Let’s take one example. Half-way through the game (or towards the end of series 2), Ellie has tracked down and tortured one of Abby’s friends for information on her whereabouts. Afterwards, she talks to her lover Dina about what happened.  

In the game, it’s harrowing. Ellie is visibly shaken by what she’s just witnessed herself do. “I made her talk.” She says. And then to Dina: “I don’t want to lose you.” “Good,” comes Dina’s reply. And that’s it. Cut to black. Little is spoken; much is said.  

But where the scenes last about 30 seconds in the game, in the TV show it’s over five minutes long. “I made her talk. I thought it would be harder to do, but it wasn’t. It was easy. I just kept hurting her.” So says Ellie, halfway through the conversation. The writers are clearly trying to make explicit Ellie’s fear that she’s losing herself, and Dina by extension, in her thirst for revenge. But in making clear what was left unsaid in the game, the power of the moment is undercut. Much is spoken; little is said. 

“I know writers who use subtext and they’re all cowards,” Garth Marenghi once said. I can only assume he writes for HBO now. 

It’s a shame the scene gets fluffed as badly as it does, because really it’s the centrepiece of the narrative. Faced with unthinkable violence, Ellie chooses to repay the act in kind. But, in hunting down and torturing those responsible, ultimately Ellie finds herself becoming less and less human with each act of revenge. Here, in this conversation with Dina, Ellie begins to glimpse the reality of this. That acts of violence towards others are ultimately also acts of violence towards her own nature.  

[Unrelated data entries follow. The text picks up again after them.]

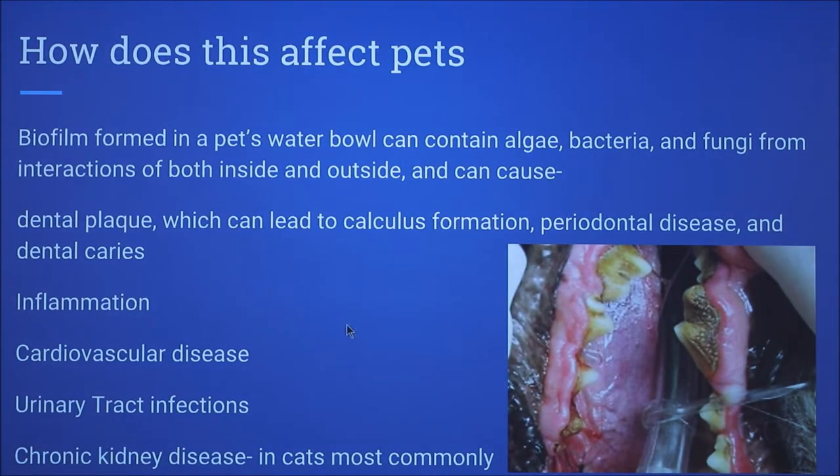This affects pets because the biofilm would contain algae, bacteria, and fungi. This can cause dental plaque, which can be seen in this picture, leading to calculus formation, periodontal disease, and dental caries. Also inflammation, visible as the red area, can cause cardiovascular disease, urinary tract infections, and kidney disease, mostly in cats.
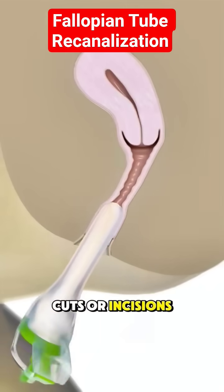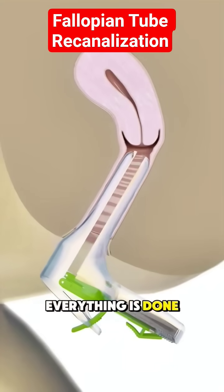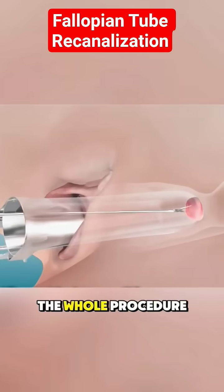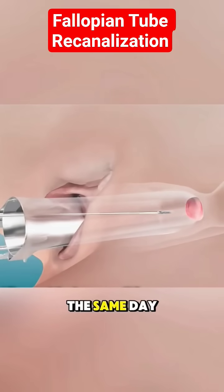There are no cuts or incisions. Everything is done from inside through the natural openings of the body. The whole procedure is usually quick, and patients can often go home the same day.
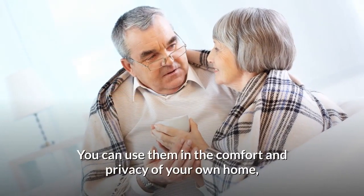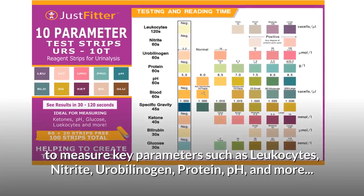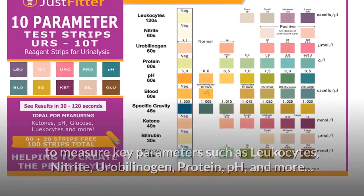You can use them in the comfort and privacy of your own home to measure key parameters such as leukocytes, nitrite, urobilinogen, protein, pH, and more.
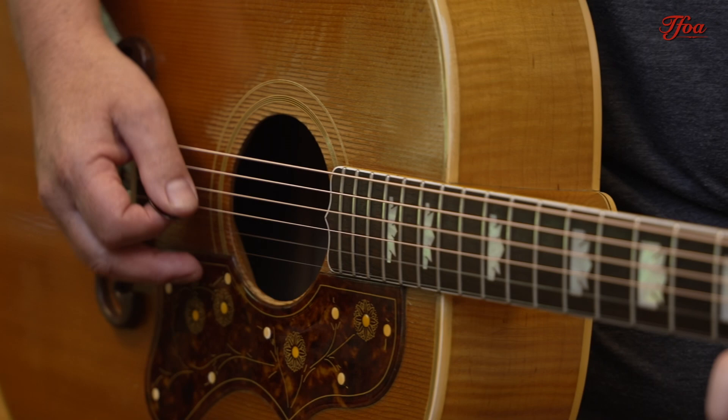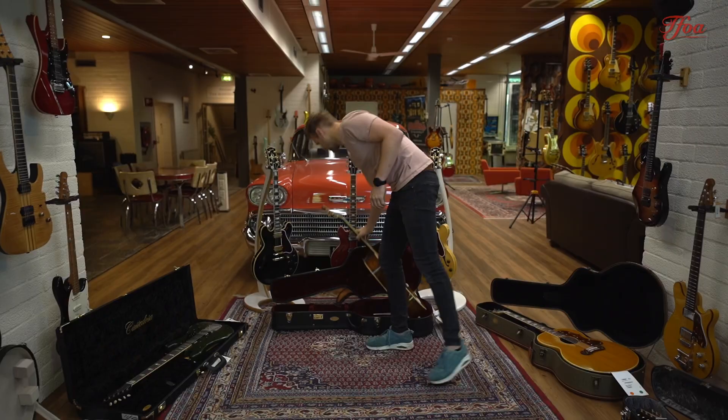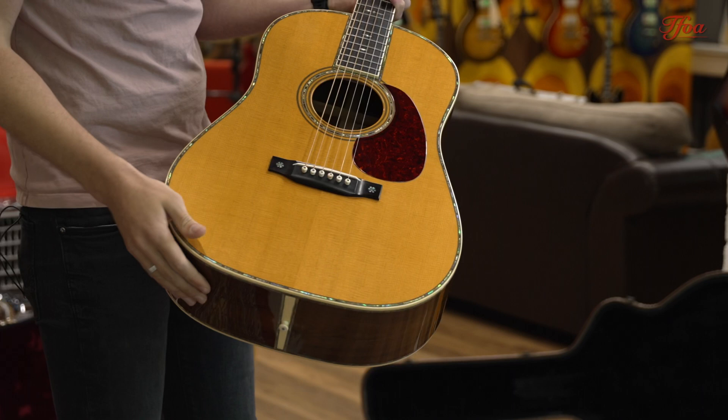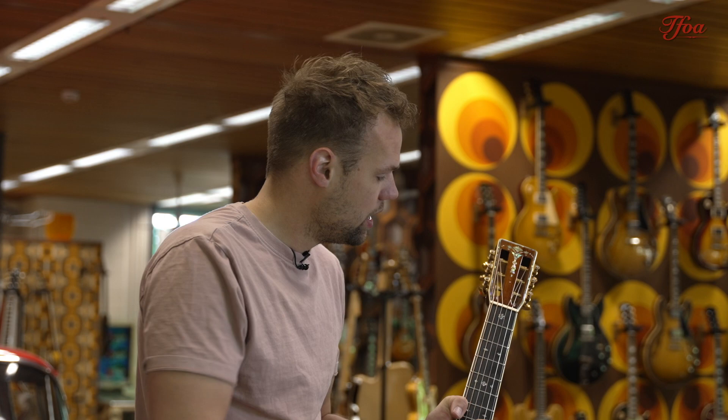The next one up is another rare one: a D45 G03 from 1994. G03 was the man who ordered the first initial D45. Now the D45 is still the top of the line in Martin's lineup, and in 1994 they decided to recreate his D45. Originally it comes with another fretboard — we have that with the guitar as well — which is Gene Autry, but not a lot of people like the fact that there's a big name on the fretboard.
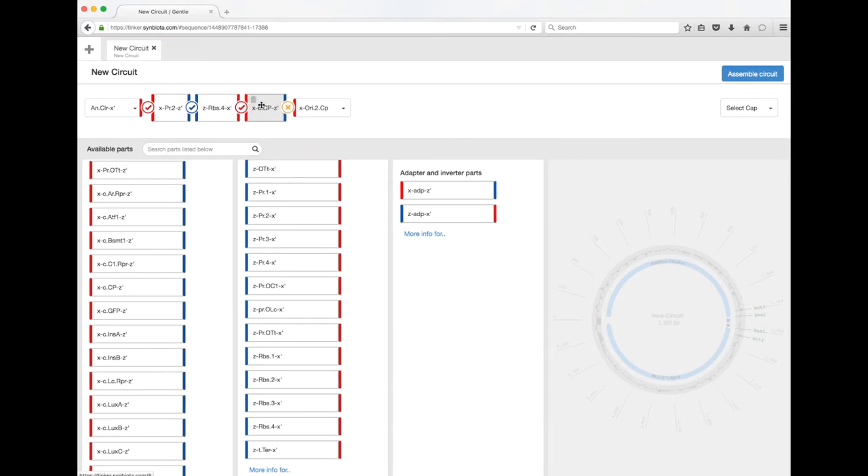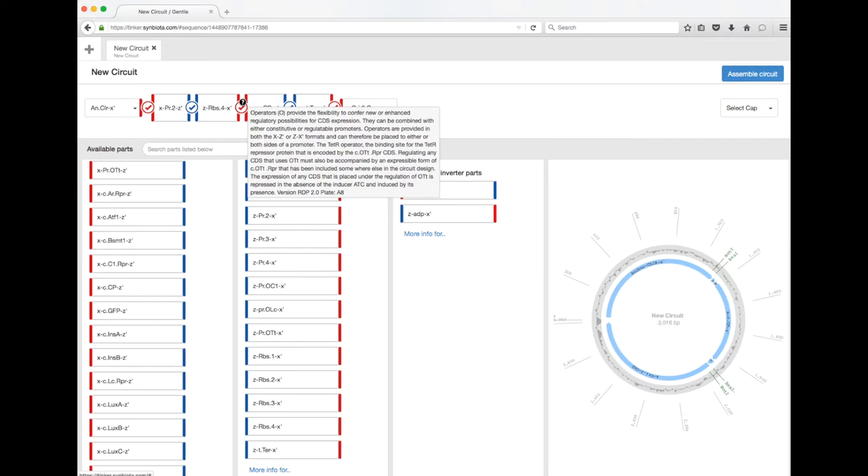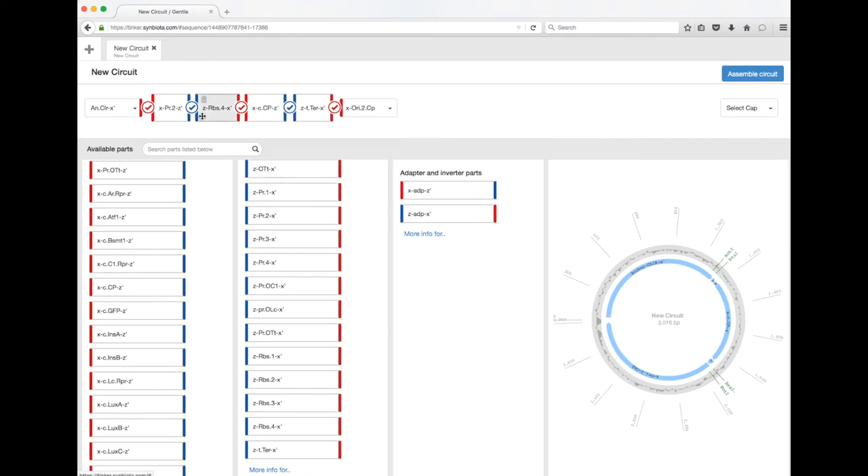The terminator prevents leakiness, helps you control and maintain an insulated program, and prevents the machinery from running past into any adjacent programs or other sections. Adding a terminator is optional, but it's good practice. That's a complete circuit that will make the bacteria blue in color when you grow it on a chloramphenicol-containing agar plate.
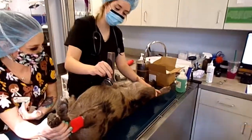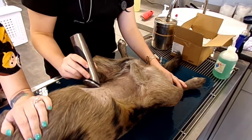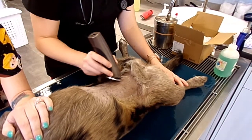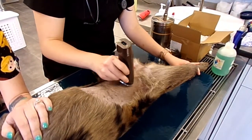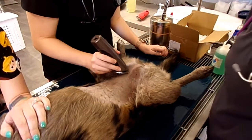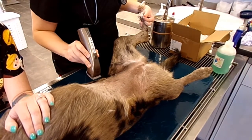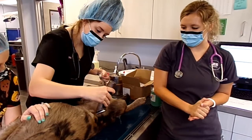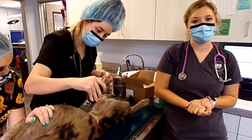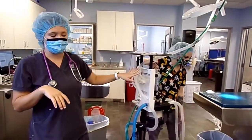Now Holly's going to start prepping the surgical area. For a spay, you want to start shaving from the bottom of the rib cage and all the way down. Here at Hillside, it's pretty much up to the nurses to induce our patients and get them on the OR table. We play a big role — we do everything from start until the surgeon begins making their cuts. Now that we've done our dirty scrub and prepped the area, we're going to come into the OR.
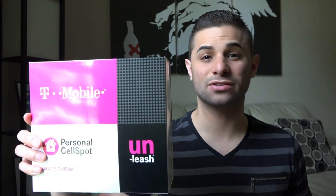Hi guys, Cody Lopez here with Texalan News. I just got back from my local T-Mobile store and I wanted to show you the new T-Mobile 4G LTE CellSpot. I'm going to walk you through the setup process and my results after installation, so let's not waste any more time and get right into it.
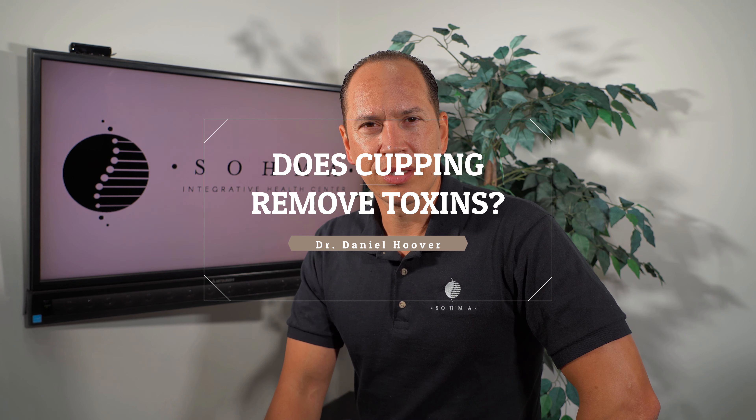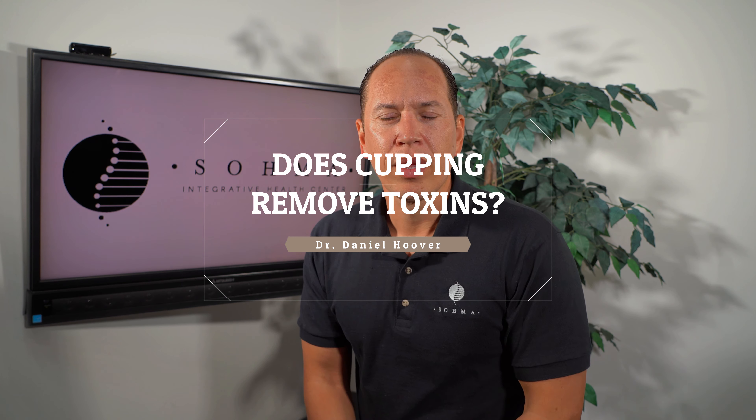Does cupping remove toxins? Do you ever feel tired, fatigued, rundown, like you just can't get your step back? Maybe you're doing all the right things — you're exercising, you're getting all the nutrition you're supposed to be getting — but it's just not enough. You can't reboot and get the energy you once had, or know you ought to have by looking at your peers.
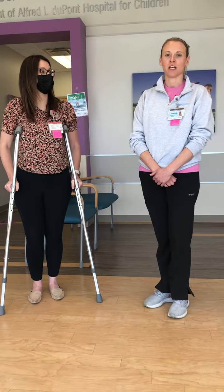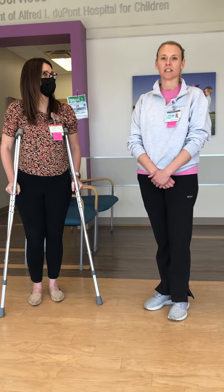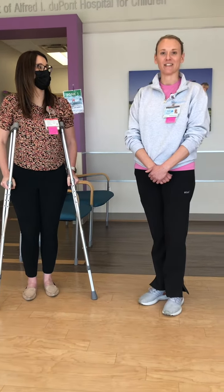Good afternoon. Today we're going to go over crutch fitting and crutch training for developmentally appropriate patients 11 years of age and older.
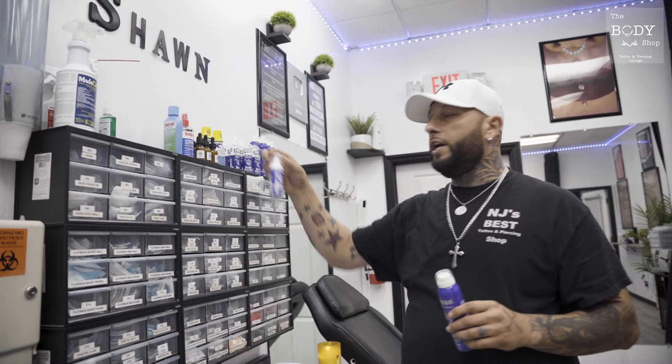As far as aftercare guys, I highly, highly recommend H2Ocean. This is by far the best piercing aftercare there is — healing time, efficiency — get yourself H2Ocean. Tell your clients to get H2Ocean. You'll see a tremendous difference between any other piercing aftercare there is. You're going to spray it three times a day, make sure you wash it. You can also wash it with H2Ocean's antibacterial foam soap. This is the best combination for aftercare for a nice, healthy piercing.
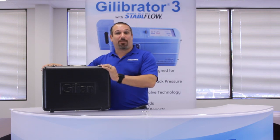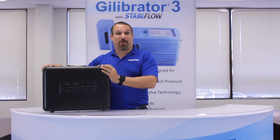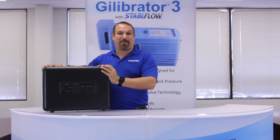Here you have the Gilibrator 3 Deluxe Starter Kit. It includes the Gilibrator 3 base with all three flow cells. The flow cell ranges are from 5cc per minute all the way up to 30 liters per minute.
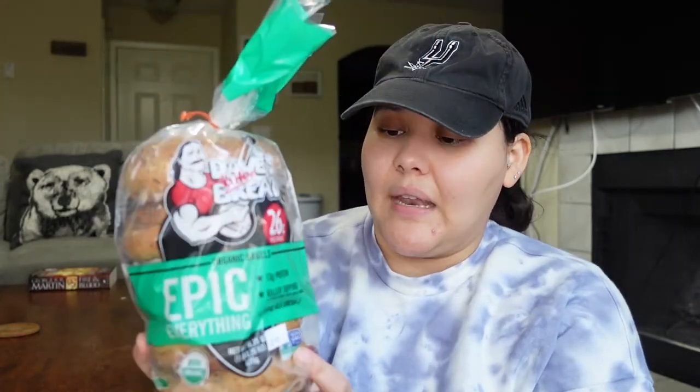I picked up the healthier bagel option: Dave's Killer Bread. If you didn't know, they help people who normally wouldn't pass a background check by giving them a chance — they're based just outside Portland, Oregon. It's a great company to support and it has 13 grams of protein, so I shouldn't really be getting any other kind of bagel after realizing these are so good for so many reasons.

This is, as it turns out, a deeply Christian notion. Where other Ancient Near Eastern creation myths depict their gods as creating the world through violent and bloody struggle, in Genesis God merely speaks life into being. Where Jesus’ disciples would violently overthrow their Roman oppressors, he instead says “those who live by the sword, die by the sword.”  

Moreover, Jesus’ death by crucifixion was unspeakably cruel and violent, encompassing protracted public humiliation, sexual abuse, and mutilation. It is here that Christ draws the suffering of the world to himself, that we might be given the opportunity to live free from the ongoing cycle of violence that surrounds us. Not that we might avoid having violence done to us, but that we might find the strength not to be violent in turn.  

And this is the ultimate paradox at the centre of Christianity: that the greatest show of strength the world has ever seen is found in Christ’s being nailed to a tree.  

Violence begets violence begets violence begets violence. That’s the message of The Last of Us Part II; albeit one conveyed in a rather ham-fisted way. While I’m not optimistic, I hope the next series of the TV show manages to fix the game’s wobbly narrative structure to convey this in a way that is nuanced and compelling. Because it’s a message we desperately need to hear.